* [Supplied data]:
#####
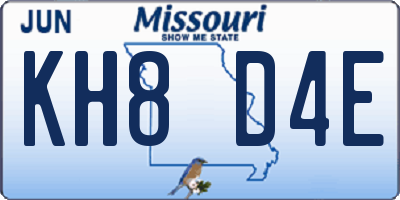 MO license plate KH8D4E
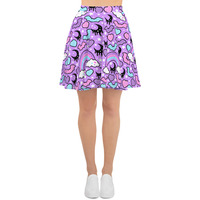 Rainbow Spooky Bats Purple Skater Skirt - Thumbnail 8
#####
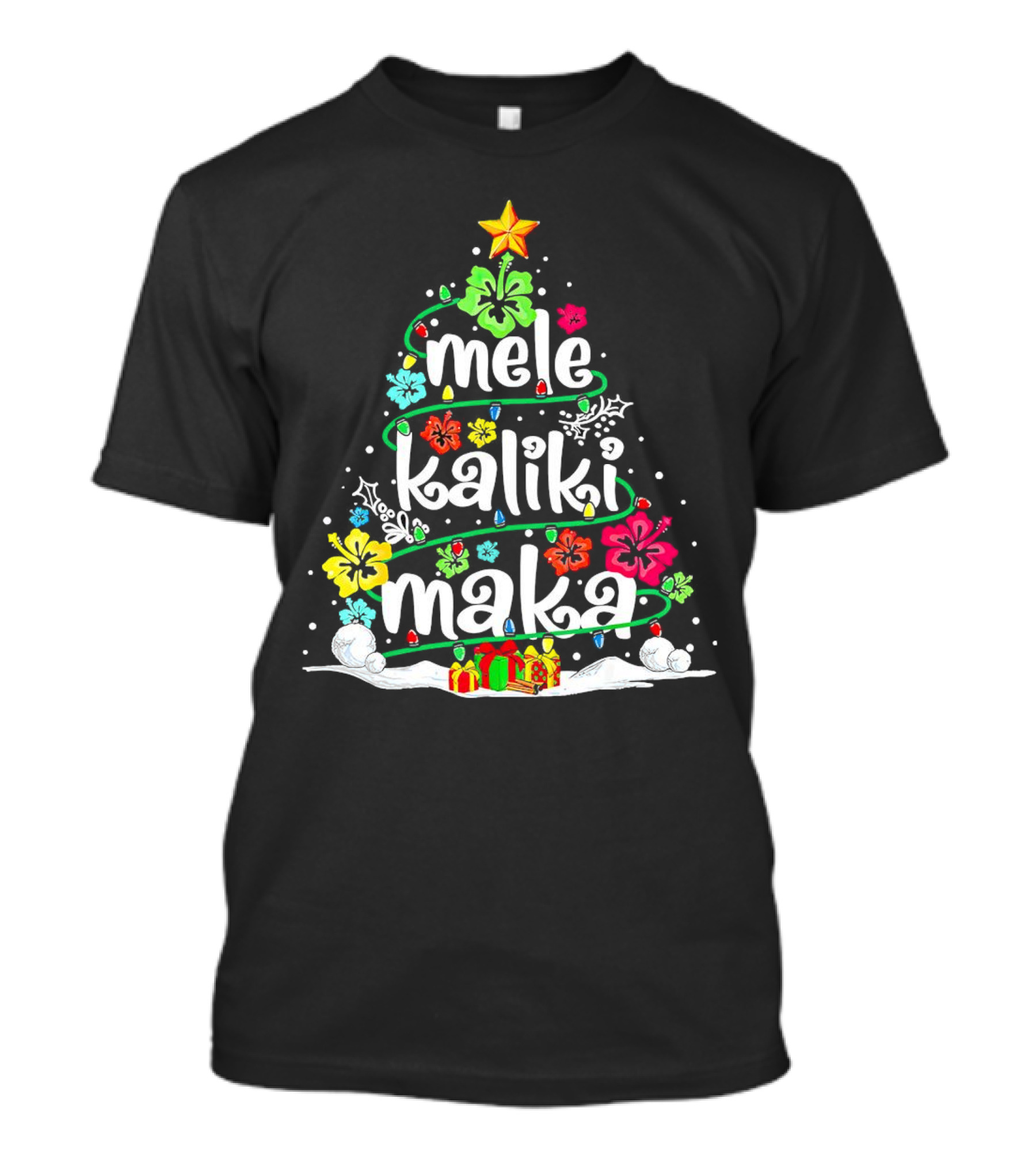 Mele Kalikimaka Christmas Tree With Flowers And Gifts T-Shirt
#####
* [Task prompt]: Repeat exactly the stretch of the listing above that starts with the line holding "MO license plate KH8D4E" and finishes with the line holding "Rainbow Spooky Bats", both included. Skip every picture.

* [The answer]:
 MO license plate KH8D4E
 Rainbow Spooky Bats Purple Skater Skirt - Thumbnail 8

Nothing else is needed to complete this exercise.